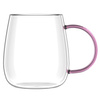 Komplet 2 szklanek Bolla 400 ml z różowym uchem Vialli Design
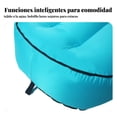 thumbnail image 2 of Abbraccia Sofá inflable portátil, colchón de aire con bomba manual, cama curva ergonómica, solución para siesta en casa y exterior, 2 of 6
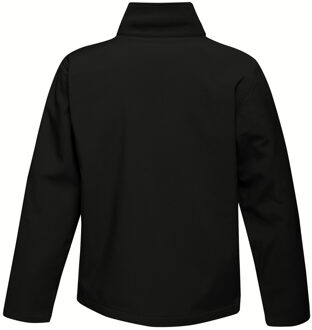 Regatta Opmerkelijk Heren Ablaze Afdrukbaar Soft Shell-jasje (Zwart/Zwart) - 2XL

_____

### TASK STATEMENT
Give back the data exactly, with no images.

### ANSWER TO THIS TASK
 Komplet 2 szklanek Bolla 400 ml z różowym uchem Vialli Design
 thumbnail image 2 of Abbraccia Sofá inflable portátil, colchón de aire con bomba manual, cama curva ergonómica, solución para siesta en casa y exterior, 2 of 6
 Regatta Opmerkelijk Heren Ablaze Afdrukbaar Soft Shell-jasje (Zwart/Zwart) - 2XL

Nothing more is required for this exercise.